Dodd still seemed unaware of it, but several members of the Pretty Good Club had begun stepping up their campaign against him, with the ultimate aim of ousting him from their ranks. In October his longtime friend Colonel House sent him a quiet, sidesaddle warning. First came the good news. House had just met with Roosevelt. “It was delightful to hear the President say that he was pleased beyond measure with the work you are doing in Berlin.”

But then House had visited the State Department. “In the strictest confidence, they did not speak of you with the same enthusiasm as the President,” he wrote. “I insisted on something concrete and all that I could get was that you did not keep them well informed. I am telling you this so you may be guided in the future.”


ON SATURDAY, OCTOBER 14, two days after his Columbus Day address, Dodd was in the middle of a dinner party he was hosting for military and naval attachés when he received startling news. Hitler had just announced his decision to withdraw Germany from the League of Nations and from a major disarmament conference that had been under way in Geneva, off and on, since February 1932.

Dodd found a radio and immediately heard the coarse voice of the chancellor, though he was struck by the absence of Hitler’s usual histrionics. Dodd listened intently as Hitler portrayed Germany as a well-meaning, peace-seeking nation whose modest desire for equality of armaments was being opposed by other nations. “It was not the address of a thinker,” Dodd wrote in his diary, “but of an emotionalist claiming that Germany had in no way been responsible for the World War and that she was the victim of wicked enemies.”

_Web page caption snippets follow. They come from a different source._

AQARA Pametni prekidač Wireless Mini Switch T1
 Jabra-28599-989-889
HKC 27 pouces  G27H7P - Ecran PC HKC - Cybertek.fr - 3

It was a stunning development. In one stroke, Dodd realized, Hitler had emasculated the League and virtually nullified the Treaty of Versailles, clearly declaring his intention to rearm Germany. He announced as well that he was dissolving the Reichstag and would hold new elections on November 12. The ballot also would invite the public to pass judgment upon his foreign policy through a yes-or-no plebiscite. Secretly Hitler also gave orders to General Werner von Blomberg, his minister of defense, to prepare for possible military action by League members seeking to enforce the Treaty of Versailles—although Blomberg knew full well that Germany’s small army could not hope to prevail against a combined action by France, Poland, and Czechoslovakia. “That the allies at this time could easily have overwhelmed Germany is as certain as it is that such an action would have brought the end of the Third Reich in the very year of its birth,” wrote William Shirer in his classic work, The Rise and Fall of the Third Reich, but Hitler “knew the mettle of his foreign adversaries as expertly and as uncannily as he had sized up that of his opponents at home.”

Though Dodd continued to nurture the hope that the German government would grow more civil, he recognized that Hitler’s two decisions signaled an ominous shift away from moderation. The time had come, he knew, to meet with Hitler face-to-face.

Dodd went to bed that night deeply troubled.


SHORTLY BEFORE NOON ON TUESDAY, October 17, 1933, Roosevelt’s “standing liberal” set out in top hat and tails for his first meeting with Adolf Hitler.